5 years ago

Heterogeneous-Backbone Foldamer Mimics of Zinc Finger Tertiary Structure

Heterogeneous-Backbone Foldamer Mimics of Zinc Finger Tertiary Structure
W. Seth Horne, Kelly L. George
A variety of oligomeric backbones with compositions deviating from biomacromolecules can fold in defined ways. Termed “foldamers,” these agents have diverse potential applications. A number of protein-inspired secondary structures (e.g., helices, sheets) have been produced from unnatural backbones, yet examples of tertiary folds combining several secondary structural elements in a single entity are rare. One promising strategy to address this challenge is the systematic backbone alteration of natural protein sequences, through which a subset of the native side chains is displayed on an unnatural building block to generate a heterogeneous backbone. A drawback to this approach is that substitution at more than one or two sites often comes at a significant energetic cost to fold stability. Here we report heterogeneous-backbone foldamers that mimic the zinc finger domain, a ubiquitous and biologically important metal-binding tertiary motif, and do so with a folded stability that is superior to the natural protein on which their design is based.

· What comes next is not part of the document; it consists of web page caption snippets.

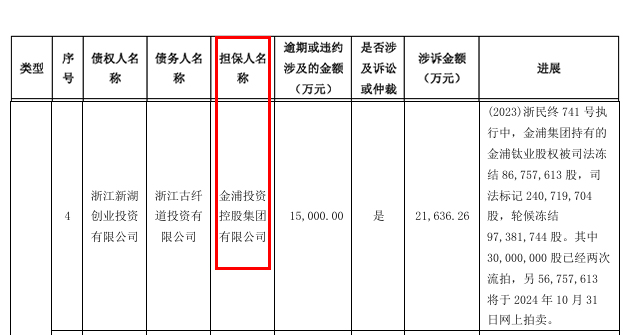 担保惹大祸，所持股权将被司法拍卖，甚至失去上市公司控制权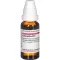 COLOCYNTHIS D 12 Rozcieńczenie, 20 ml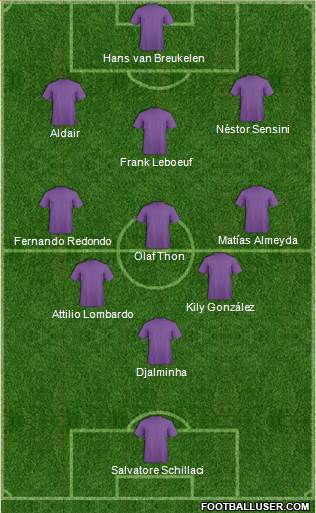 Manchester United Formation 2018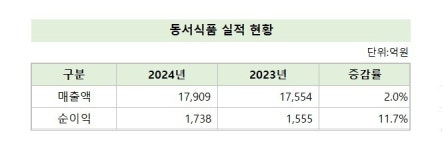 동서식품 지난해에도 순항...매출 1조7900억원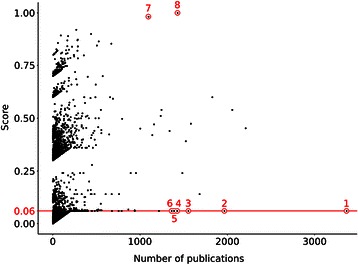 Figure 10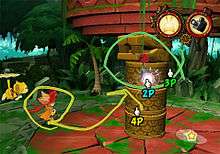 Two characters pose on the left side of the screen atop a circular, red platform covered in green moss. Extending from the platform's center is a large totem holding a second platform. A crudely drawn, yellow line circles and points from one of the characters towards the totem. A green line also circles the totem. Three hand-shaped cursors denoting "2P", "3P", and "4P", as well as a star-shaped cursor, dot the right side of the screen. The background shows dense, jungle foliage and the top right of the screen shows two circular icons.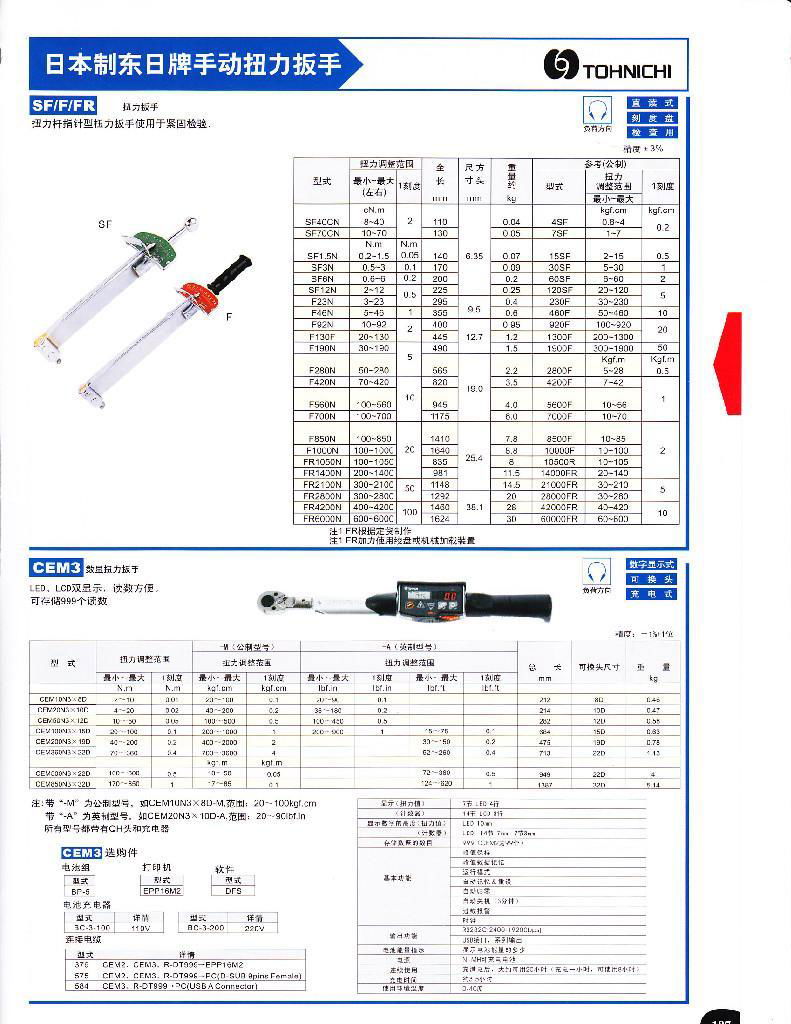 TOHNICHI东日数显扭力板手 cem3 2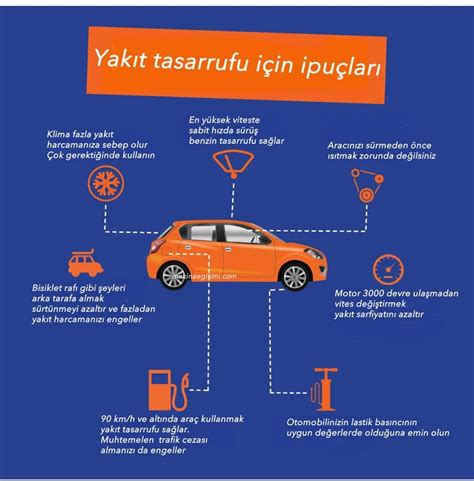 buji ile ateşlemeli motor yakıtı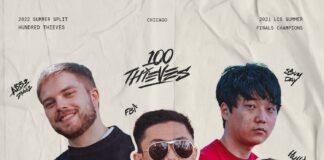 Closer’lı 100 Thieves Büyük Finalde!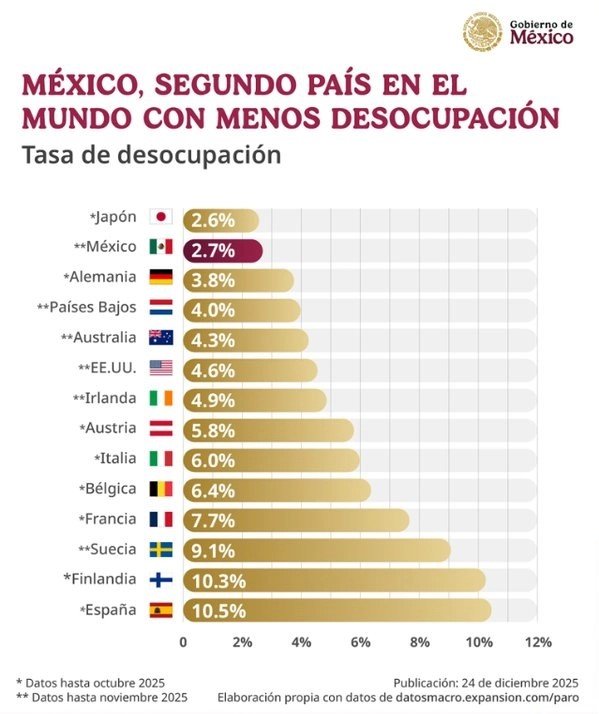 México: 2° lugar mundial con menor desempleo, destaca Sheinbaum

A combination of UV–vis spectroscopy, isothermal titration calorimetry, and multidimensional NMR reveals that suitably designed oligomers with >20% modified backbones can form native-like tertiary folds with metal-binding environments identical to the prototype sequence (the third finger of specificity factor 1) and enhanced thermodynamic stability. These results expand the scope of heterogeneous-backbone foldamer design to a new tertiary structure class and show that judiciously applied backbone modification can be accompanied by improvement to fold stability.